ADR-0578: Hoist VIF scratch buffer from per-frame allocation to VifState¶
- Status: Accepted
- Date: 2026-05-16
- Deciders: lusoris
- Tags: perf, vif, cpu, build
Context¶
compute_vif in core/src/feature/vif.c allocated a contiguous 10 × ALIGN_CEIL(w × sizeof(float)) × h byte block on every frame call and freed it on return. At 1080p (stride = 7712, h = 1080) this is approximately 79 MB of allocator traffic per frame, consisting of ten full-plane scratch buffers (ref_scale, dis_scale, mu1, mu2, ref_sq_filt, dis_sq_filt, ref_dis_filt, num_array, den_array, tmpbuf). The geometry is known at init_fex time (from the VmafFeatureExtractor init callback), so the allocation can be lifted to the init/close lifecycle.
This matches the pattern already used by float_adm, integer_vif, ssimulacra2, and integer_adm. The CPU perf audit (.workingdir/ perf-audit-cpu-2026-05-16.md) identified this as Win 1, the top CPU-side performance opportunity for the float VIF path.

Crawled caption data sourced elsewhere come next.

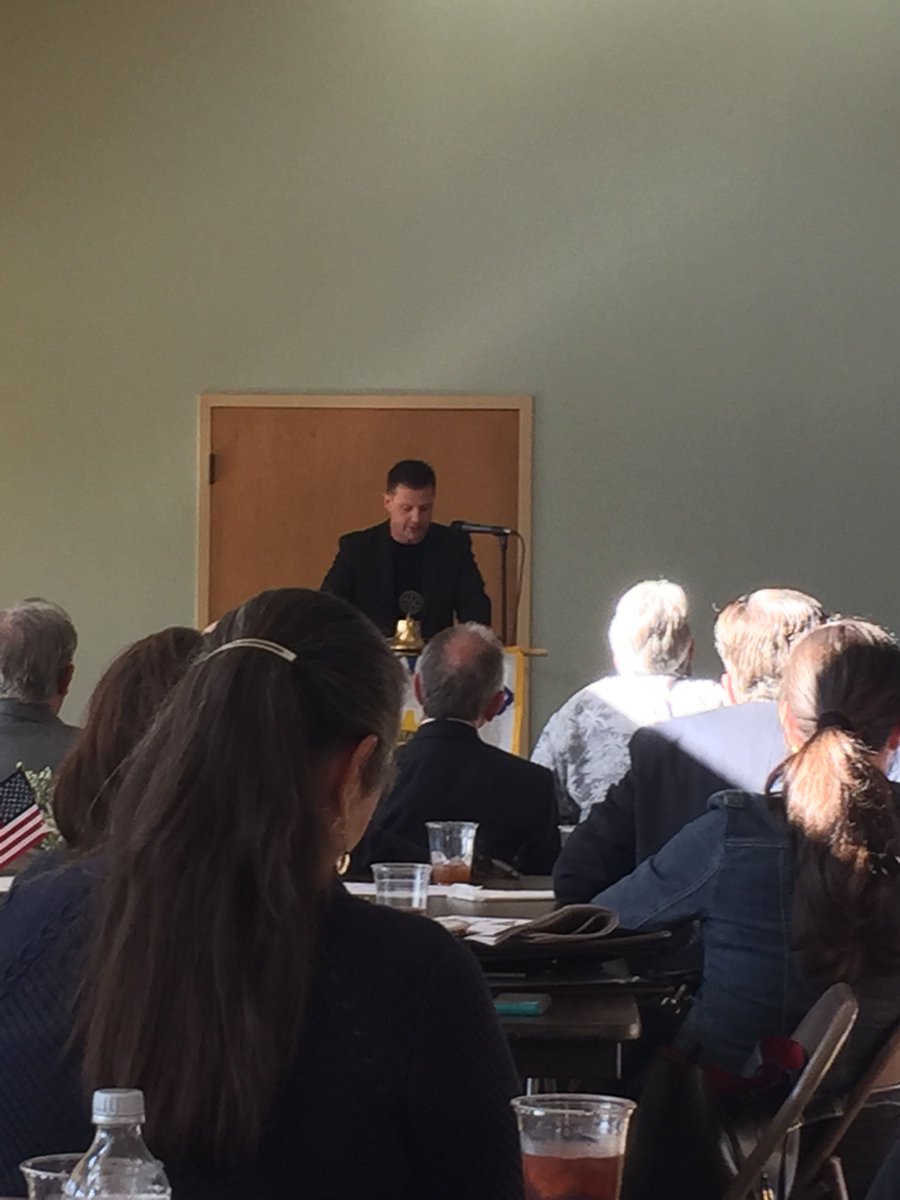 FranklinNoon's tweet photo. Awesome Veterans Day presentation by Jimmy Blackmon at franklin noon rotary! #fnrc https://t.co/jOJyfE0iOX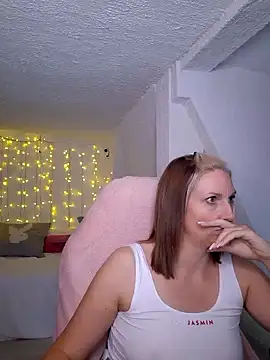 Snapshot of SexyJulia21 chatting on 02.10.25 SexyJulia21 online show from 02.10.25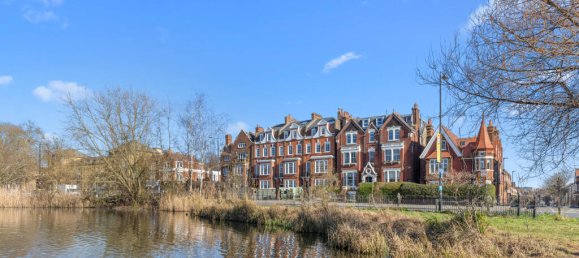 5 bedrooms House in London, United Kingdom No. 13217 2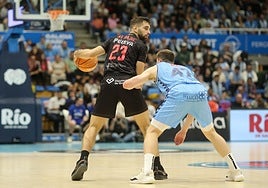 Una de las acciones del partido del Covirán en el Pazo dos Deportes de Lugo, aquí Kljajic bota ante Kurucs.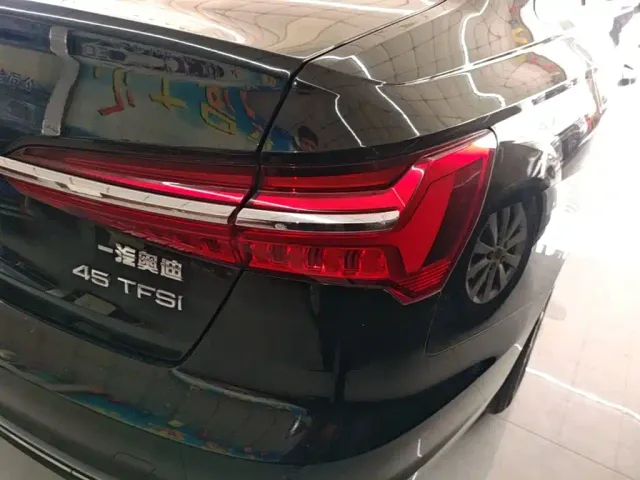 Audi A6L — Фото автомобиля 7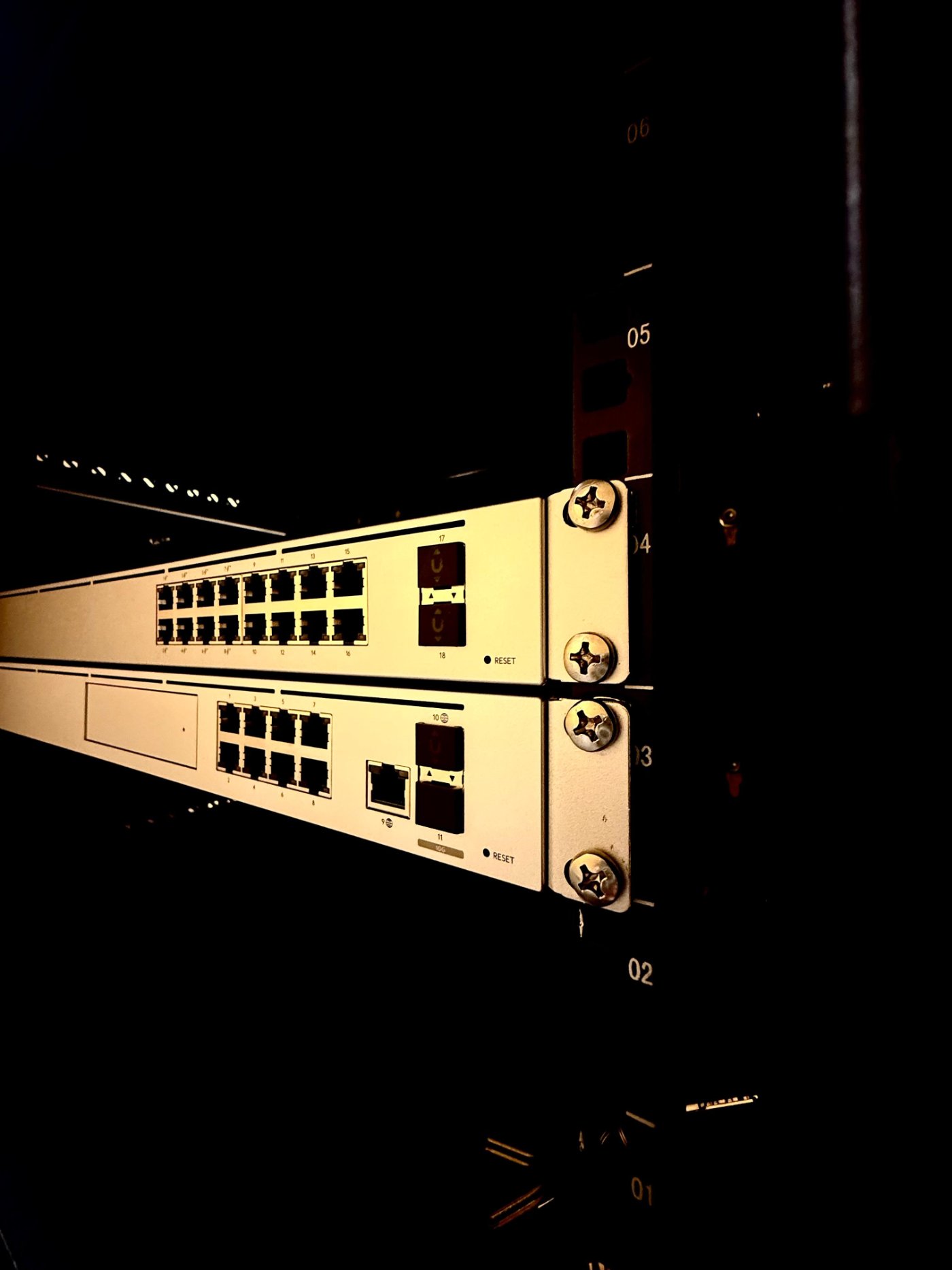 UniFi Switches im Rack — Restaurant-Netzwerk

Win 2 (enabling VIF_OPT_FAST_LOG2) is a no-op: vif_options.h line 28 already defines VIF_OPT_FAST_LOG2 unconditionally. The macro substitutes log2f_approx (a 9-term Horner polynomial) for libm log2f. This was confirmed present before any code changes; documentation in the research digest records the discovery for future maintainers.
Decision¶
- Add a
float *vif_buffield toVifStateinfloat_vif.c. - Change
compute_vif's signature to acceptfloat *data_buf— the caller owns the allocation.compute_vifslices sub-pointers from it exactly as before. - In
float_vif.c::init, allocateVIF_SCRATCH_BUF_CNT (10) × scaled_float_stride × scaled_hbytes once and assign tos->vif_buf. - Pass
s->vif_buftocompute_viffromextract. - Free
s->vif_bufinclose. - In
vifdiff(the standalone utility also invif.c), allocate the scratch buffer once before the frame loop and free it after — still one allocation per video, not one per frame.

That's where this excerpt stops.